We’ve had friends from Miami visit as recently as yesterday and they report that there are still some areas in their city awaiting the return of electrical services after Irma, which struck there with less intensity than in Cuba. Status updates from our ground handlers and tourism/hotel operators report that with the exception of Cayo Coco (which was hardest hit, and lost its airport), the large majority are already fully operational. The recovery of the causeways to Cayo Coco/Cayo Guillermo and Cayo Santa Maria was exceptionally fast. The Malecon remains closed while they repair some areas of the sea wall that were damaged. But all the flooding has receded. From some of the images accompanying international reports on Irma in Cuba that are still being released, you might be led to believe otherwise. Venezuela sent aid, and in record time. Yesterday we saw a boat of supplies from the Dominican Republic, and this morning we jokingly said that it may have to return with supplies donated from Cuba after Hurricane Maria. Cuba has sent over 700 doctors to neighboring islands in the wake of the hurricane. The solidarity of sister nations in this region is commendable. Especially when some of the largest contributors to climate change are our industrial neighbors to the north, who do not wish to recognize their role and social responsibility.

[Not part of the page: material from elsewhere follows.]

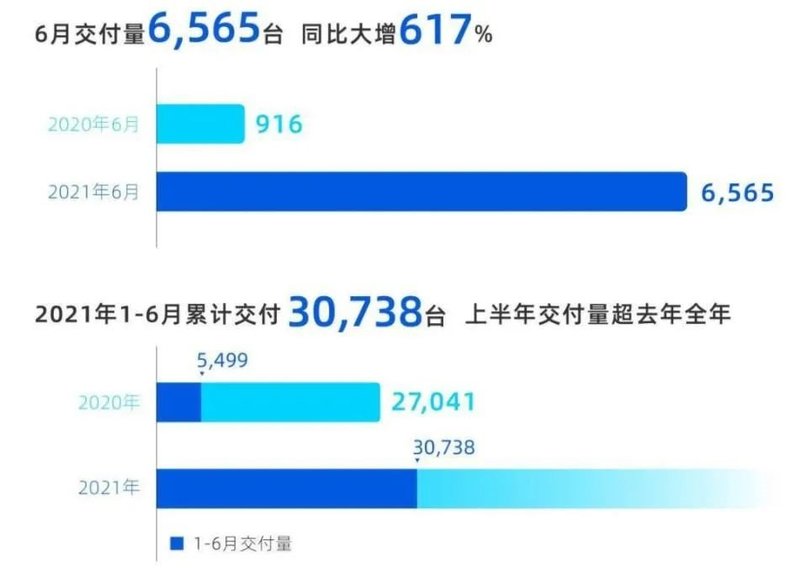 小鹏汽车香港上市！SiC车型或明年推出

Once again, in the face of adversity, Cuba has risen to the occasion and taken extraordinary measures to protect its citizens, visitors and resources, while at the same time showing great concern and committment to its history of international solidarity and humanitarian gestures. Organization, discipline, and preparedness mean that we are less likely to die during or after a hurricane in Cuba than our neighbors to the north. To the tireless electrical and telephone workers, public health personnel and military organizers who go to great lengths to alleviate discomfort during and once the storm has passed, our sincere thanks.

For those of you considering travel to Cuba anytime soon, it’s highly encouraged. It’s one of the best ways to offer your support and solidarity to a country whose economy increasingly relies on the tourism sector. Cuban officials are taking recovery efforts very seriously, and they’ve made extraordinary headway already. Our ground handler is taking a group of travel company supervisors and diplomats to Varadero this weekend so they can see the recovery efforts for themselves first-hand. Bank accounts have been set up for anyone wishing to make donations to the recovery efforts, as the recovery of infrastructure is undeniably expensive. Just this morning we heard that a Dutch bank refused to send a EUR wire transfer donation to Cuba, citing the US blockade. This is very disheartening, as the US government’s influence is clearly overextending its reach when we’re not even talking about a transaction in US funds. Facebook temporarily blocked Mariela Castro’s account when she published the bank account information for potential donors, and later apologied for the the mistake. Cuba calls the blockade “genocide”, and while that term is shocking and even unbelievable to some, what else would you call it? Certainly not a humanitarian gesture. To end on a positive note, three cheers for Cuba. Despite much hardship and some formidable challenges, you continue to rise to the most difficult of occasions and consistently put the safety and well-being of your population in the forefront. Cuba va!